American Airlines has resolved its 15,000-flight fiasco

American Airlines passengers are set to have pilots in December for the holidays. (AP Photo/Wilfredo Lee)

Over the weekend, American Airlines came to an agreement with the pilots’ union to man the approximate 15,000 flights between Dec.17 and 31 that had been without pilots.

A clerical error had mistakenly labeled flights during the critical holiday time period lower-priority, which allowed pilots to choose family over flying and drop those flights. Those flights are typically un-droppable.

“We’ve reached an agreement that we believe will ensure that our customers’ holiday travel plans are not disrupted while also recognizing our pilots’ extra efforts to help resolve this challenge,” said a joint press release between American Airlines and the Allied Pilots Association.

The terms of the agreement state that the pilots, who were offered “premium pay” of 150% of their rates, will now be paid 200% for flights in the critical holiday period. To make more pilots eligible for the rate hike, all regular pilots’ hours will be considered at a level high enough to qualify them for double pay.

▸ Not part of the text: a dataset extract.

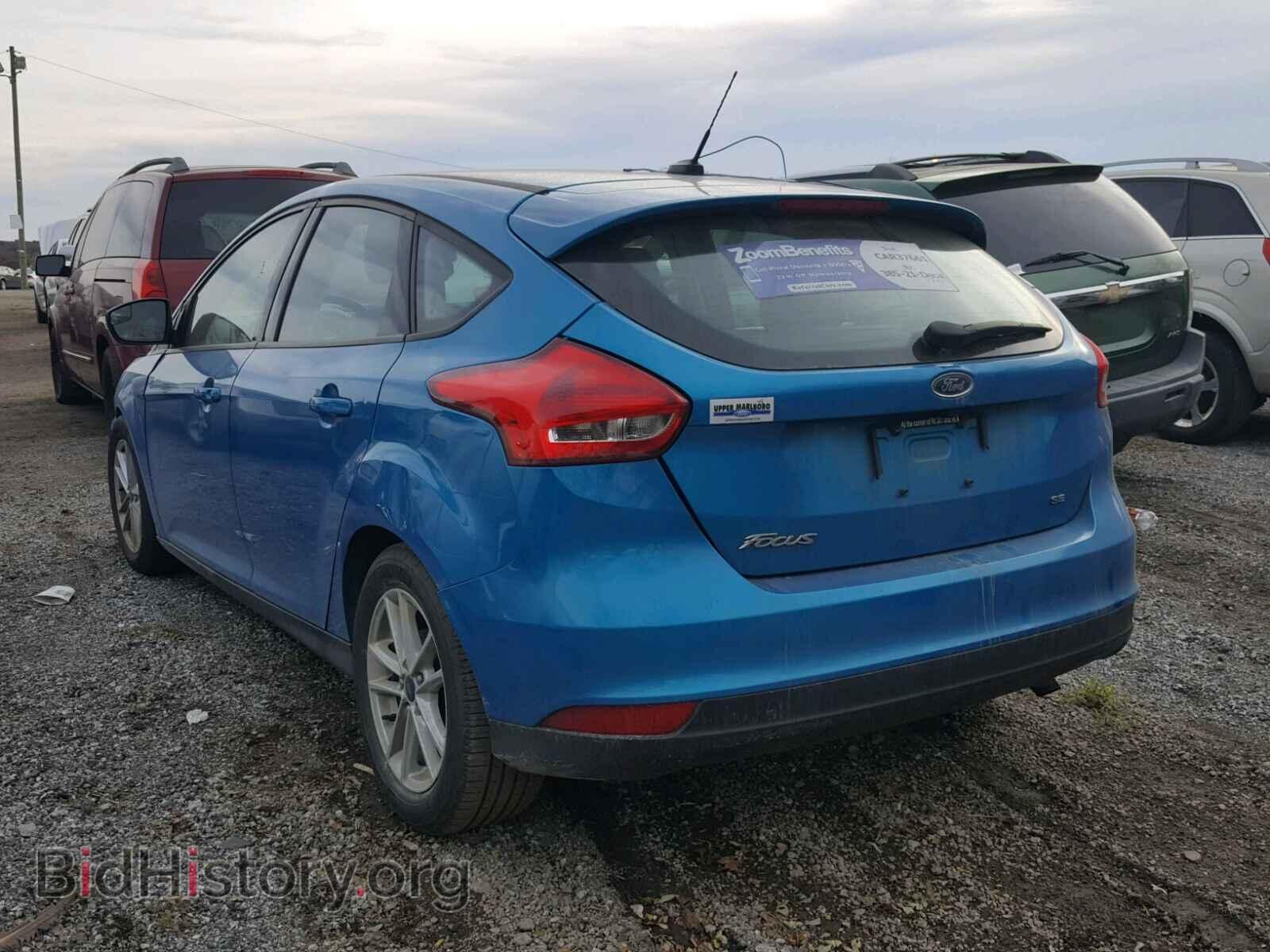 2017 FORD FOCUS - VIN: 1FADP3K27HL242538 - Photo 3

The pay increases are expected to be enough to convince pilots to take the flights.

As one veteran American Airlines pilot told Yahoo Finance, “Double, I’d probably go do that.”

Before the resolution, there was confusion as travelers wondered whether they were going to be able to fly during the holidays. The airline said the flights had pilots, leaving the pilots confused as they looked into the scheduling system and saw a mass of unmanned flights planned. The airline clarified that it had meant reserve pilots, a move that would have stretched American Airlines’ reserve system, which is typically meant for sick pilots or inclement weather emergencies.

While costly for the airline, the agreement represents a solution that is likely to please passengers who can rest assured that their holiday flights will likely be manned, and that extra pilots will still be available, just in case another snafu occurs.